Every branch must be joined. The join step does not need to be called join as above but it must take an extra argument, like inputs above.

In the example above, the value of var above is ambiguous: a sets it to 1 and b to 2. To disambiguate the branches, the join step can refer to a specific step in the branch, like inputs$a$var above. For convenience, you can also iterate over all steps in the branch using inputs, which is simply a list. For more details, see the section about data flow through the graph.

Note that you can nest branches arbitrarily, that is, you can branch inside a branch. Just remember that all branches must have a corresponding join.

Foreach

Static branches, as shown in the previous section are useful when you know the branches at development time. Alternatively, you may want to branch based on data dynamically. This is the use case for a foreach branch.

Foreach works likes the branch construct above but instead of creating named step methods, many parallel copies of steps inside a foreach loop are executed.

A foreach loop can iterate over any list like params below.

library(metaflow)

start <- function(self){
self$params <- c("param1", "param2", "param3")
}

a <- function(self){
self$result <- paste(self$input, "processed")
}

join <- function(self, inputs){
results <- gather_inputs(inputs, "result")
print(results)
}

metaflow("ForeachFlow") %>%
step(step = "start",
r_function = start,
next_step = "a",
foreach="params") %>%
step(step = "a",
r_function=a,
next_step="join") %>%
step(step="join",
r_function=join,
next_step="end",
join=TRUE) %>%
step(step="end") %>%
run()

The foreach loop is initialized by specifying a keyword argument foreach in step. The foreach argument takes a string that is the name of a list stored in an self$ variable, like params above.

Steps inside a foreach loop create separate tasks to process each item of the list. Here, Metaflow creates three parallel tasks for the step a to process the three items of the params list in parallel. You can access the specific item assigned to a task with an self$ variable called input.

Foreach loops must be joined like static branches. Note that tasks inside a foreach loop are not named, so you can only iterate over them with inputs. If you want, you can assign a value to an self$ variable in a foreach step which helps you to identify the task.

You can nest foreaches and combine them with branches and linear steps arbitrarily.

What should be a step?

There is not a single right way of structuring code as a graph of steps but here are some best practices that you can follow.

Metaflow treats steps as indivisible units of execution. That is, a step either succeeds or fails as a whole. After the step has finished successfully, Metaflow persists all instance variables that were created in the step code, so the step does not have to be executed again even if a subsequent step fails. In other words, you can inspect data artifacts that were present when the step finished, but you can not inspect data that were manipulated within a step.
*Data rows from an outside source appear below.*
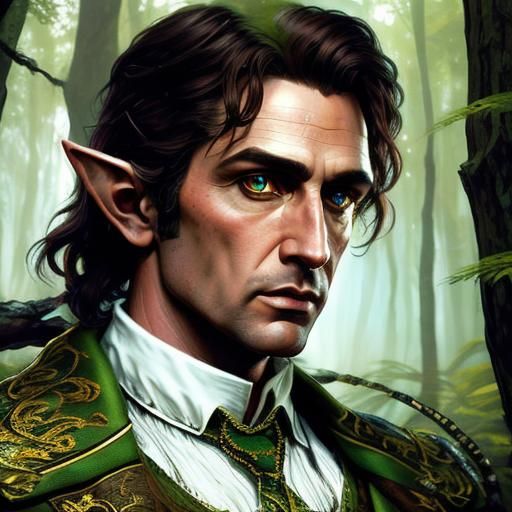<lora:DS8 portrait:1.0>Oil painting Portrait of an handsome elf ranger in the forest. By Anato Finnstark. Elaborate background. High resolut...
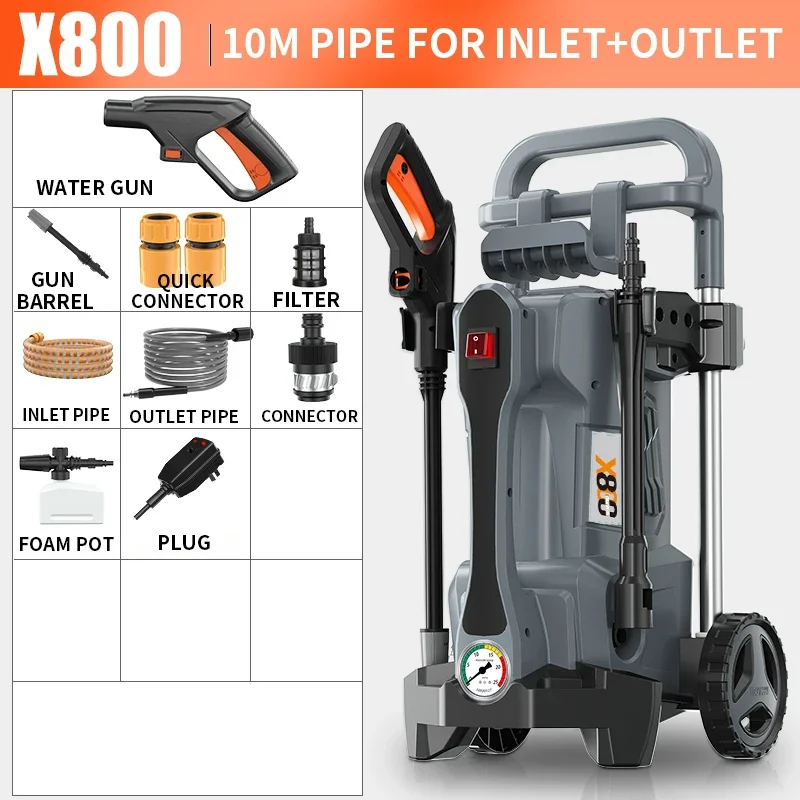 180bar Druck reiniger mit Induktion motor elektrische tragbare Auto waschmaschine mobile Auto waschanlage Wasser pistole für den Heimgebrauch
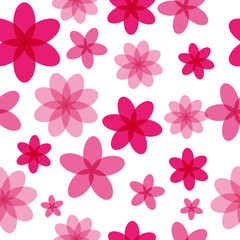 Seamless pattern with pink flowers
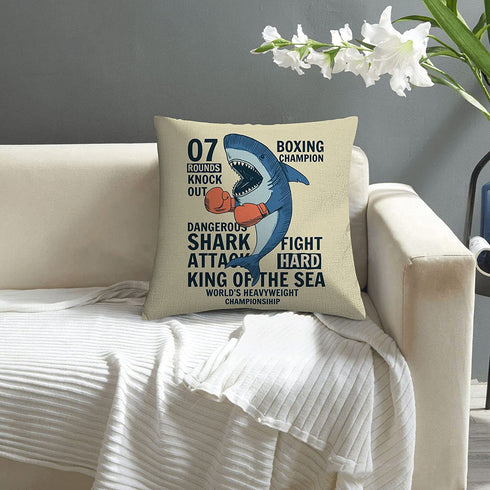 AOOPUC Cartoon Shark Throw Pillow Covers Set of 2 Outdoor Super Soft Breathable Fighter Shark for Kids Throw Pillow Cover Cotton Linen 18 X 18 Inches with Zipper for Living Room Bed Sofa Chair Couch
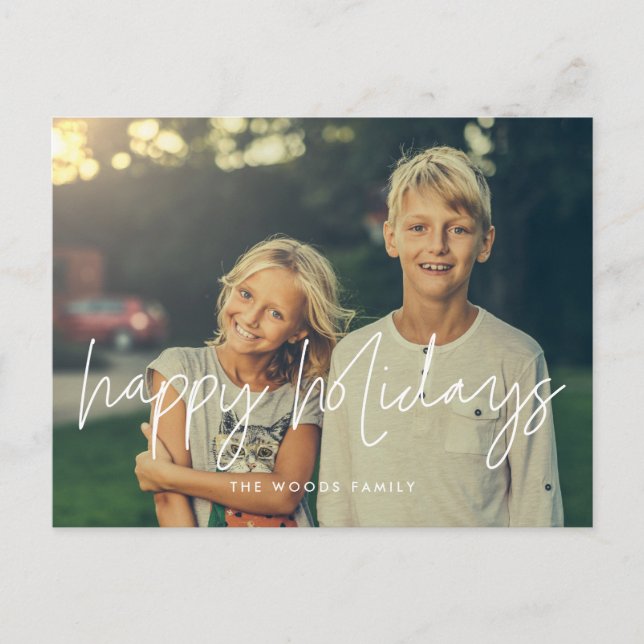 Happy Holidays Modernes minimalistisches Foto Postkarte (Vorderseite)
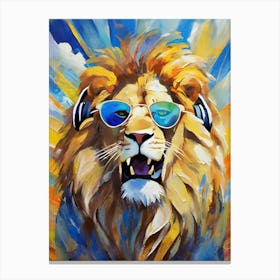 Lion In Sunglasses 2 Canvas Print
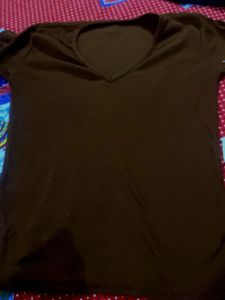 Brown V-Neck T-Shirt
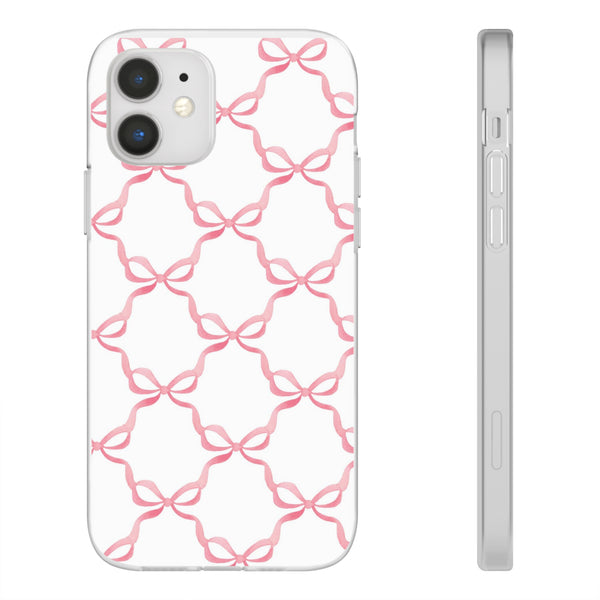 Flexible Phone Case - Preppy Chinoiserie Watercolor Bows iphone Samsung clear access to all ports and functions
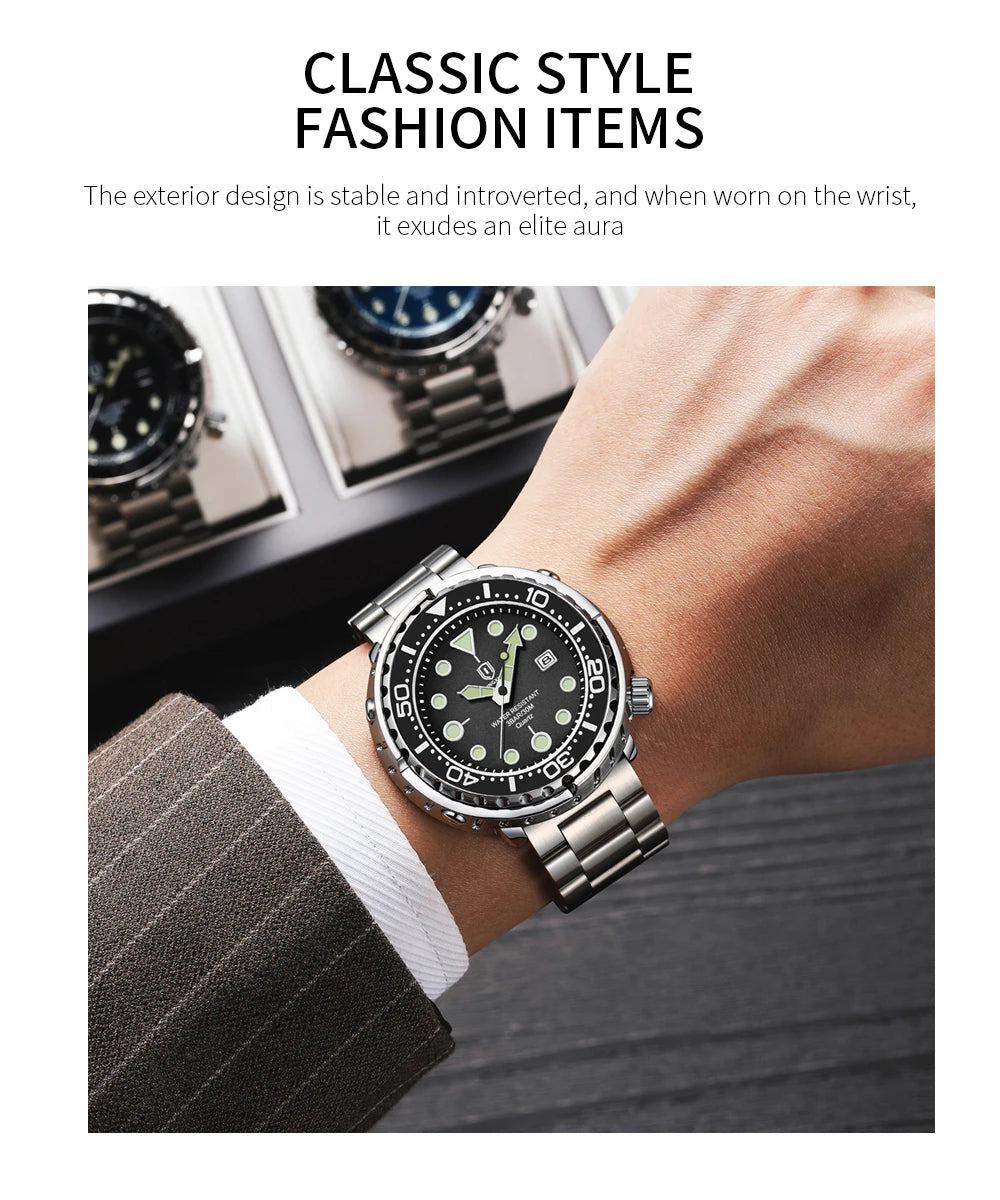 Montres pour homme QINGXIYA : montres de luxe à quartz pour homme, tendance, étanches, luminescentes, avec date et cadran rotatif, en acier inoxydable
This makes a step a checkpoint. The more granular your steps are, the more control you have over inspecting results and resuming failed runs.

A downside of making steps too granular is that checkpointing adds some overhead. It would not make sense to execute each line of code as a separate step. Keep your steps small but not too small. A good rule of thumb is that a single step should not take more than an hour to run, preferably much less than that.

Another important consideration is the readability of your code. Try running

Rscript myflow.R show

which prints out the steps of your flow. Does the overview give you a good idea of your code? If the steps are too broad, it might make sense to split them up just to make the overall flow more descriptive.

How to define parameters for flows?

Here is an example of a flow that defines a parameter, alpha:

parameter_flow.R
library(metaflow)

start <- function(self){
print(paste("alpha is", self$alpha))
}

end <- function(self){
print(paste("alpha still is", self$alpha))
}

metaflow("ParameterFlow") %>%
parameter("alpha",
help="learning rate",
required = TRUE) %>%
step(step="start",
r_function=start,
next_step="end") %>%
step(step="end",
r_function=end) %>%
run()

Parameters are defined by using the method parameter . Parameter variables are automatically available in all steps, like alpha above.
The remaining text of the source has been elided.